| How to complete this task |
Please copy the lines below exactly, from the first one through the line showing "Inverted Diamond Multi-row Ring".

---------- Data in this exercise ----------

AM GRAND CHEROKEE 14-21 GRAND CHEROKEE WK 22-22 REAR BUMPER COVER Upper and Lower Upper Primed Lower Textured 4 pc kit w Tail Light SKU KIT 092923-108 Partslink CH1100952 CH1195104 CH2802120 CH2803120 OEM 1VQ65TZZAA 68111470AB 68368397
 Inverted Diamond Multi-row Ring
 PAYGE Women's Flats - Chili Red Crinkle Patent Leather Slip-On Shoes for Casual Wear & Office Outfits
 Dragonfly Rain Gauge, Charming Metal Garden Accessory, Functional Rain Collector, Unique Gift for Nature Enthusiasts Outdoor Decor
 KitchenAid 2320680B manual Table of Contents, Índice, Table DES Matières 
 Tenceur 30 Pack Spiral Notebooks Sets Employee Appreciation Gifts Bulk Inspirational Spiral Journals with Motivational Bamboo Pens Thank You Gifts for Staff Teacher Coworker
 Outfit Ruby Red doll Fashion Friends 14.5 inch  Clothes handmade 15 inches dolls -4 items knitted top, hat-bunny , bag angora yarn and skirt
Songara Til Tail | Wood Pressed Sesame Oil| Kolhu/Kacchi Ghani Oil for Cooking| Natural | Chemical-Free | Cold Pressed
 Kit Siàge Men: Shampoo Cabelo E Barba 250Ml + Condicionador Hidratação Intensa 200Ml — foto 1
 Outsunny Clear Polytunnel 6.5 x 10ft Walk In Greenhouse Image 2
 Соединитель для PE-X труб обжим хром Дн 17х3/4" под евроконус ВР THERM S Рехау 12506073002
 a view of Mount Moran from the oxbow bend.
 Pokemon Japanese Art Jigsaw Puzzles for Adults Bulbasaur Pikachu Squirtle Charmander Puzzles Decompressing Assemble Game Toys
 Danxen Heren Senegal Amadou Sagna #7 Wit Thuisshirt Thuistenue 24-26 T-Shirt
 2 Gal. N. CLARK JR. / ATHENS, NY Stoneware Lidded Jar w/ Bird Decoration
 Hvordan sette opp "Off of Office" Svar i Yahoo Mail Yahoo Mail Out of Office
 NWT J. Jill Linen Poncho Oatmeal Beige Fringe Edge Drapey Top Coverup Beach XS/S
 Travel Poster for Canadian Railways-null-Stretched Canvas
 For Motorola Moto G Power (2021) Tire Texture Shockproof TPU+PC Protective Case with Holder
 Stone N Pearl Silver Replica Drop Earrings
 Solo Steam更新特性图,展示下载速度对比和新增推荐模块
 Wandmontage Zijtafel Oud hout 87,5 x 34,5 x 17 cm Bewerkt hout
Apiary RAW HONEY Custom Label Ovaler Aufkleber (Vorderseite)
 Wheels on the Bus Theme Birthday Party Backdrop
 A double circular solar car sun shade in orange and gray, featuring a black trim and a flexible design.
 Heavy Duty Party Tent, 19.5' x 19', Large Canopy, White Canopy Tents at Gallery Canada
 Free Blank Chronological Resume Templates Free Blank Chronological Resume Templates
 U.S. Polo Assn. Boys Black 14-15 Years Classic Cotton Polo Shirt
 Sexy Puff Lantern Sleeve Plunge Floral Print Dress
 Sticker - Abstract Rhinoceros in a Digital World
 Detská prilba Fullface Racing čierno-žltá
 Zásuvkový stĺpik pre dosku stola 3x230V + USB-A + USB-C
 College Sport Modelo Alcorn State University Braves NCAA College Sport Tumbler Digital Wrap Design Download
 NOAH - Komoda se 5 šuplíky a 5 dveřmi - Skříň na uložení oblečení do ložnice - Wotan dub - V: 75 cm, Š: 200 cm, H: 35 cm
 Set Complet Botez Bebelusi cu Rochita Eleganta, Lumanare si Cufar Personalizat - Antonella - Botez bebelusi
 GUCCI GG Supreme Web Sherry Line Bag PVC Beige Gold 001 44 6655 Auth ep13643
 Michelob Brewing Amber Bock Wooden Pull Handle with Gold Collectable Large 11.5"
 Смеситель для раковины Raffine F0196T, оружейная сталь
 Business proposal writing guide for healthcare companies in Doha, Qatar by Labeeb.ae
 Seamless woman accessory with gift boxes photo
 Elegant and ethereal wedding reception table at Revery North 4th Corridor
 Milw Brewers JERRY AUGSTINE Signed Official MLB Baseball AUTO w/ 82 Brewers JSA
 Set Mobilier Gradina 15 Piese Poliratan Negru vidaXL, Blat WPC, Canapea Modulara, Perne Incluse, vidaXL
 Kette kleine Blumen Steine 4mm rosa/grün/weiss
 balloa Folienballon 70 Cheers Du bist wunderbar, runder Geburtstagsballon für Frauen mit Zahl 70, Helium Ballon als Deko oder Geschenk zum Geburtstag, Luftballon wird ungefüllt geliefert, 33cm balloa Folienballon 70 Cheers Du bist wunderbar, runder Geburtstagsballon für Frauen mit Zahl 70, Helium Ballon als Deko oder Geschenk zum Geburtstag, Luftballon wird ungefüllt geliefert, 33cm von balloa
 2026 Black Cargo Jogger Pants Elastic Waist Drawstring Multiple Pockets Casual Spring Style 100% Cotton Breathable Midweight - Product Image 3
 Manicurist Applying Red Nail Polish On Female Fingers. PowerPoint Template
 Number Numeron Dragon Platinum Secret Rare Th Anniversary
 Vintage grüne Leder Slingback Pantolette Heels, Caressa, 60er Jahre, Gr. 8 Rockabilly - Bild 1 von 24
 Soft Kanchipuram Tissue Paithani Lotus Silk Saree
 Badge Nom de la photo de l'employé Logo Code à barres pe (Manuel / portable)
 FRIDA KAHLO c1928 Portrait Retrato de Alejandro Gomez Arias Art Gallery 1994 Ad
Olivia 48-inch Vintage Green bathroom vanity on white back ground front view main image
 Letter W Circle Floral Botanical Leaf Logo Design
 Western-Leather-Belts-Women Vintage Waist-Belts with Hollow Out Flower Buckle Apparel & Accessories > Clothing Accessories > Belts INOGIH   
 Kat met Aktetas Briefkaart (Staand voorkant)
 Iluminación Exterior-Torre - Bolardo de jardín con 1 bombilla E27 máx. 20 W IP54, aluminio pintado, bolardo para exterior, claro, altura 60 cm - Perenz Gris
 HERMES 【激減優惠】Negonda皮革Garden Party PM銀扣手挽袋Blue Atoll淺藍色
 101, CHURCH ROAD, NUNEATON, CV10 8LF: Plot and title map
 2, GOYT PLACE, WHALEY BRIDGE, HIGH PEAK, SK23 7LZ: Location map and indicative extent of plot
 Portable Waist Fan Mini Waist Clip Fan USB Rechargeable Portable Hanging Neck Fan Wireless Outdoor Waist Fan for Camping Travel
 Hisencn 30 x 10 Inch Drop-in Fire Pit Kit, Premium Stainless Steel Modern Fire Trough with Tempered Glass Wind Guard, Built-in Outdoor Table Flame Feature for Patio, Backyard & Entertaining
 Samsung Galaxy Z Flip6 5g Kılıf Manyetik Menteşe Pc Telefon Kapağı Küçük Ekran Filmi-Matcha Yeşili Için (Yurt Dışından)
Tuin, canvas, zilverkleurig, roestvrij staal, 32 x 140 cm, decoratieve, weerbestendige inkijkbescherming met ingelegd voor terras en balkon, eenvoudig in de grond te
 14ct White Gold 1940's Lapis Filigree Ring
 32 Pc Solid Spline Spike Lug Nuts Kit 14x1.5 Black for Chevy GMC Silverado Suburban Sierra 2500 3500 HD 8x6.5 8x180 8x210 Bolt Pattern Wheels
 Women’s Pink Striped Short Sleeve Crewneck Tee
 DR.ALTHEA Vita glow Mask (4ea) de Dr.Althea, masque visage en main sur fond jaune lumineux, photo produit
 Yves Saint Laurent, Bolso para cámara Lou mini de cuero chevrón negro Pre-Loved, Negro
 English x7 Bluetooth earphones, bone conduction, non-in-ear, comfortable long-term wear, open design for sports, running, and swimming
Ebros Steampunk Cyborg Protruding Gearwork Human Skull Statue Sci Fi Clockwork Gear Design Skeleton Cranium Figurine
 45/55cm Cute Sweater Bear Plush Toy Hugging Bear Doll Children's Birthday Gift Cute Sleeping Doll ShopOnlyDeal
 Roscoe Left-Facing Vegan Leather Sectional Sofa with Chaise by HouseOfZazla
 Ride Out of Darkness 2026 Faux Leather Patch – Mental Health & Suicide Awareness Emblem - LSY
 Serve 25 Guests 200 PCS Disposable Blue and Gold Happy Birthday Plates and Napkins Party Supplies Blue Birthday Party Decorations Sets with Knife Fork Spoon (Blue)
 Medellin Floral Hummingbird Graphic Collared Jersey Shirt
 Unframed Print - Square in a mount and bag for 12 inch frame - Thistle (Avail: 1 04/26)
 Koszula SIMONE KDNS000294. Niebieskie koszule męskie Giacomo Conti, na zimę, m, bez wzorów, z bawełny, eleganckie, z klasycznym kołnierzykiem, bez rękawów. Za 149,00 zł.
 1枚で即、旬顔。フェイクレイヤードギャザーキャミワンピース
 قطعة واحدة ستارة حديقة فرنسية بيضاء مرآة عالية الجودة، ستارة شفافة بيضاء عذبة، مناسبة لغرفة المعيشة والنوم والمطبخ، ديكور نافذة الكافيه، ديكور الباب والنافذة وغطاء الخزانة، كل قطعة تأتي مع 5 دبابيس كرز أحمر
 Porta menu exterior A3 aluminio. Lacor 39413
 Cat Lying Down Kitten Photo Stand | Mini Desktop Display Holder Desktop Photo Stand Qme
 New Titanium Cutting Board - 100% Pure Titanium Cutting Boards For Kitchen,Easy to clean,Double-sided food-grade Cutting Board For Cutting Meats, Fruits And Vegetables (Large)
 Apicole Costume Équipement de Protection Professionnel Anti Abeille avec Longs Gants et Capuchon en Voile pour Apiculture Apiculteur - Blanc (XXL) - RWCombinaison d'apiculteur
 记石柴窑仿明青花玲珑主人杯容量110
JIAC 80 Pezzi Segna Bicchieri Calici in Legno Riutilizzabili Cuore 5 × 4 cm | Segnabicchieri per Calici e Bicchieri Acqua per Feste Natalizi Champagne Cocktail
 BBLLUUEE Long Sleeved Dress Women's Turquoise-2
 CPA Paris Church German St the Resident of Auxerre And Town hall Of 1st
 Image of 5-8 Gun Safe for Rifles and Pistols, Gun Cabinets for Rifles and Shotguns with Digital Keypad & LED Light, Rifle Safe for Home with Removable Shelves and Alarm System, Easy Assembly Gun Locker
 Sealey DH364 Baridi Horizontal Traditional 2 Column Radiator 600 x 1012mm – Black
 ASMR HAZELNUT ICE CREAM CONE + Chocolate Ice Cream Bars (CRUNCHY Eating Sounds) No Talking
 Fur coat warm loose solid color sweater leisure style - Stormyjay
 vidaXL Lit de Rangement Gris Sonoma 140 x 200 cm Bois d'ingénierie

----------

| Response to the task |
AM GRAND CHEROKEE 14-21 GRAND CHEROKEE WK 22-22 REAR BUMPER COVER Upper and Lower Upper Primed Lower Textured 4 pc kit w Tail Light SKU KIT 092923-108 Partslink CH1100952 CH1195104 CH2802120 CH2803120 OEM 1VQ65TZZAA 68111470AB 68368397
 Inverted Diamond Multi-row Ring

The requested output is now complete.